Deep: You said: "I accepted that she could indeed have a perfect right to be happy, a clear, unbiased acceptance that also accepted that I did not need to be ecstatic about her choices but that it was Ok." It sounds like you got to a much more peaceful place - I'm not there yet, but nor was I where you were either- with sitch or behavior.
Luckily, I found the book and this site before the bomb dropped b/c I started sensing something was coming. From Day 1 I DB'd and have done a good job, I think. GAL comes easily to me and I'm not doing it to get his attention, just to keep sane and have fun, also get out of the house away from H. The persuading I did do was done in MC mostly, before bomb. I stopped the day he asked for a D. Have gotten several comments from him that I seem unemotional about everything- not true, but I show the DB face. I'm about to the point of truly saying "why am I taking this", esp with the escalating behavior.
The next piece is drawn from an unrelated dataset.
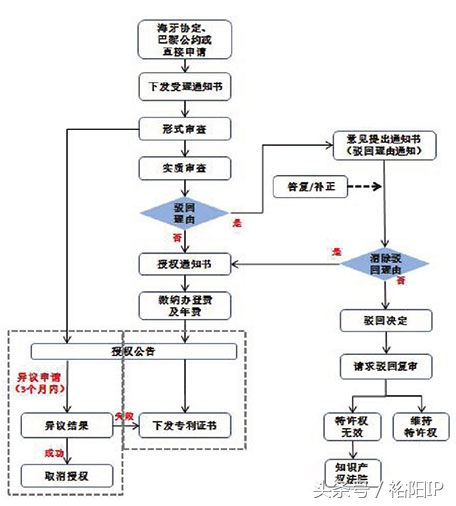 聊一聊韩国实用新型和外观设计专利的申请和审查过程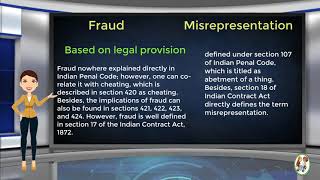 What is Difference Between Fraud amp Misrepresentation [upl. by Atnoed]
Everything I'm focused on now is planning for a life on my own. I don't know if that means I'm done or not, just planning b/c it looks like it's coming. I won't try to persuade at all and will grieve in private. The one thing that makes me nervous is that, although I've been clear - verbally, writing- that this is not what I want, I don't know if my lack of extreme emotional reaction tells him instead that I could care less about him- that's something I've struggled with a lot. What message am I sending? I fear it's that I don't care and the reaction is and will continue to be: well, I guess she doesn't want me either, so I'm free to go. Any thoughts on that would be very welcome.
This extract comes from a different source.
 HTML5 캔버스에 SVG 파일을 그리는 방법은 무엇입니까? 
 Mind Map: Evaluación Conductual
Btw, how do you define "dropping the rope", Deep? Do you mean not arguing and pleading with them, or just letting go of your attachment to the R in general?
Originally Posted By: Piano
I also wish I hadn't done all the pleading and hsysteria... I was so shocked to find myself in 'limbo' because the bomb came in the context of an international move, and in the 2nd trimester of a planned pregnancy. ... I am also losing the motivation to keep telling him how 'wrong' his decision is...only because I am tired, not because I don't beleive it. ...nikita, how old is your child?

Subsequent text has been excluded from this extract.